Sunday, April 1, 2012

Uhhuh. NMI received for unknown reason, Dazed and Confused

If you search Google, you will find tons of results for the string "Uhhuh. NMI received for unknown reason" (maybe even with the note b9 on CPU 0) or, even searching "Dazed and confused, but trying to continue".

Maybe, you'll be lucky enough to find this blog post....

This post applies specifically to HP ProLiant servers running CentOS 6 with a P410 RAID controller. We were running 2.6.32-220.el6.i686 and 2.6.32-220.7.1.el6.i686, but its possible that other versions are affected in this series as well. (In fact, it's also possible that this applies to the P212, P410i, P411, and P812 controllers too...

Over the past few months, we've been rolling out CentOS 6 on all of our firewalls, samba servers and general purpose systems. In most instances, this runs well. Unfortunately however, sometimes we seem to get NMI errors on some servers - and these errors scroll across the console like crazy, making it extremely difficult to do anything without closing your eyes.

Like everyone else, our initial thought was memory. Seeing that an NMI error in our experiences lead to a faulty RAM module (or two). We believed this to be the answer, until we started seeing this problem on more than one server.

The errors we were getting were a bit misleading and, we needed to look at them in more detail. We start with the IPMI SEL (Intelligent Platform Management Interface System Event Log). To view this, we utilize OpenIPMI:

Install OpenIPMI:
yum -y install OpenIPMI OpenIPMI-tools
chkconfig ipmi on
service ipmi start



Look at the log:
ipmitool sel elist | tail



If you look at the log, you may see a lot of errors like this:
d38 | 04/01/2012 | 11:59:03 | Critical Interrupt #0x03 | PCI PERR | Asserted
d50 | 04/01/2012 | 11:59:03 | Critical Interrupt #0x03 | PCI PERR | Asserted



"PCI PERR" alerts are actually related to the PCI bus, not memory. Therefore, our attention should be drawn there.

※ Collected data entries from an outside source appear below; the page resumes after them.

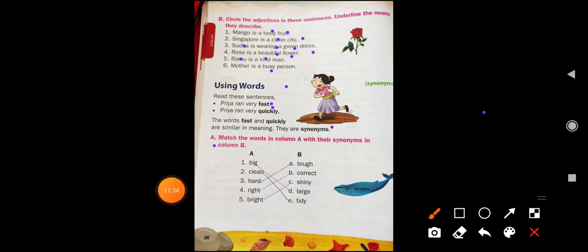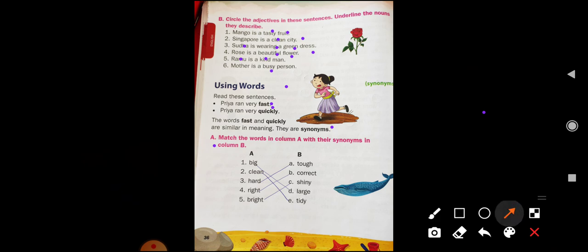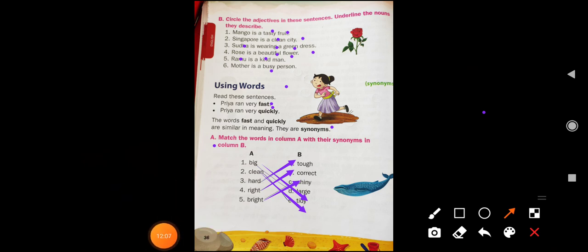Match the words in column A with their synonyms in column B. Big means large. Clean means tidy — tidy also means clean. Hard means tough. Right means correct. Bright means shine. These words are similar in meaning — they are synonyms. The next part of this lesson — pages 37, 38, 39, 40, and 41 — we will continue in our next class.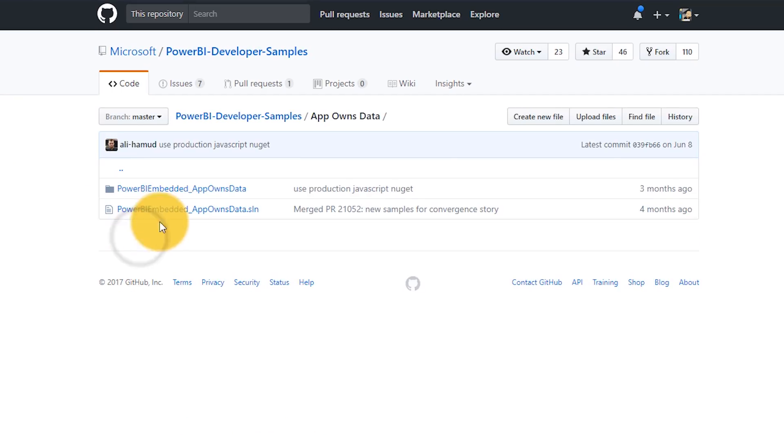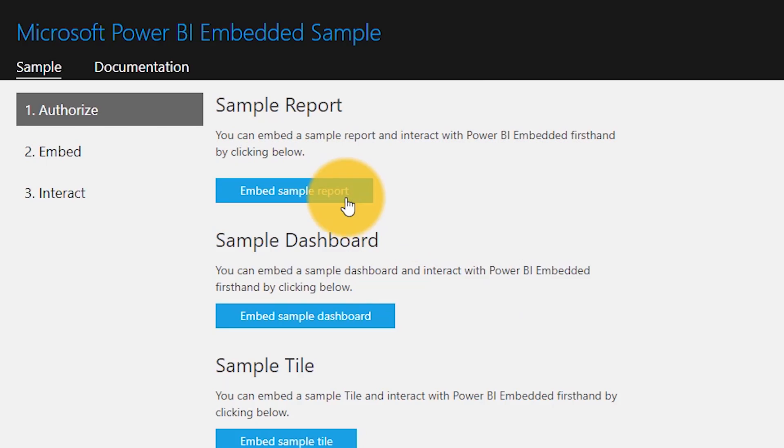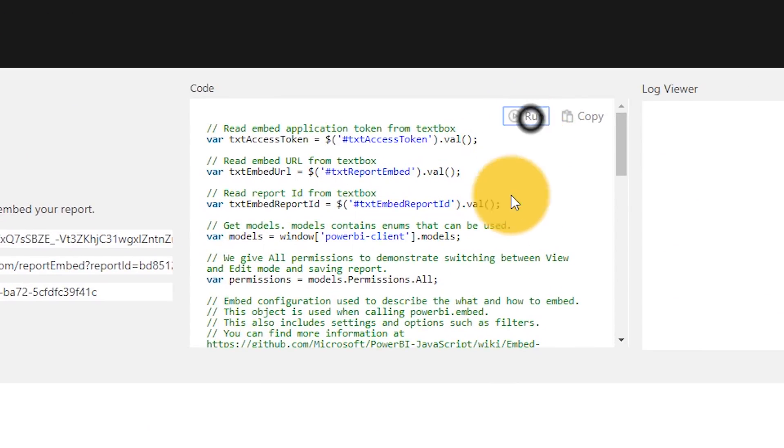Now you've got to write some code, taking advantage of the Power BI APIs inside your application to do the embedding. We have samples available on GitHub, along with documentation that walks through those samples, with more samples coming. We've also got the JavaScript embed sample, which lets you explore what the JavaScript SDK can do client-side — interacting with reports by setting filters, changing pages, and really enhancing the experience for your end users.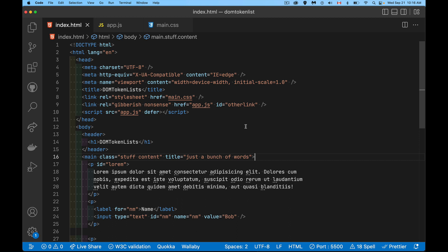All right, today I want to talk about DOM token lists. Now this is a special type of value that can be in certain attributes. The one that you're going to come across most often is the one having to do with CSS classes.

However, just because it says it's the PCI bus, doesn't mean you need to replace all of your PCI/PCIe/PCIx cards. Instead, look to dmesg of a freshly booted server. If you're lucky, you'll see something like this:

usb 2-1.1: new full speed USB device using ehci_hcd and address 3
Uhhuh. NMI received for unknown reason a1 on CPU 0.
You have some hardware problem, likely on the PCI bus.
Dazed and confused, but trying to continue
usb 2-1.1: New USB device found, idVendor=0000, idProduct=0000



If you're like me, you would probably assume that the error relates to the USB subsystem and so, you would modify /etc/grub.conf and add "nousb" to your kernel boot parameters and then reboot.

Of course, after you do that and boot the server, you learn that the error still occurs.

Had you kept looking, you may have also seen this sequence:

ata4: SATA max UDMA/133 cmd 0xc880 ctl 0xc800 bmdma 0xc488 irq 19
Uhhuh. NMI received for unknown reason b9 on CPU 0.
You have some hardware problem, likely on the PCI bus.
Dazed and confused, but trying to continue



So here, it looks like maybe the problem is actually related to the SATA controller (or disks, who knows)...

In our case - it was the controller and, we started looking. First, we looked at our actual RAID controller firmware:
[root@centos6 ~]# dmesg | grep -E 'RAID.*HP'
scsi 0:0:0:0: RAID HP P410 3.52 PQ: 0 ANSI: 5
[root@centos6 ~]#



From the above, we're running firmware version 3.52 - not the latest version ....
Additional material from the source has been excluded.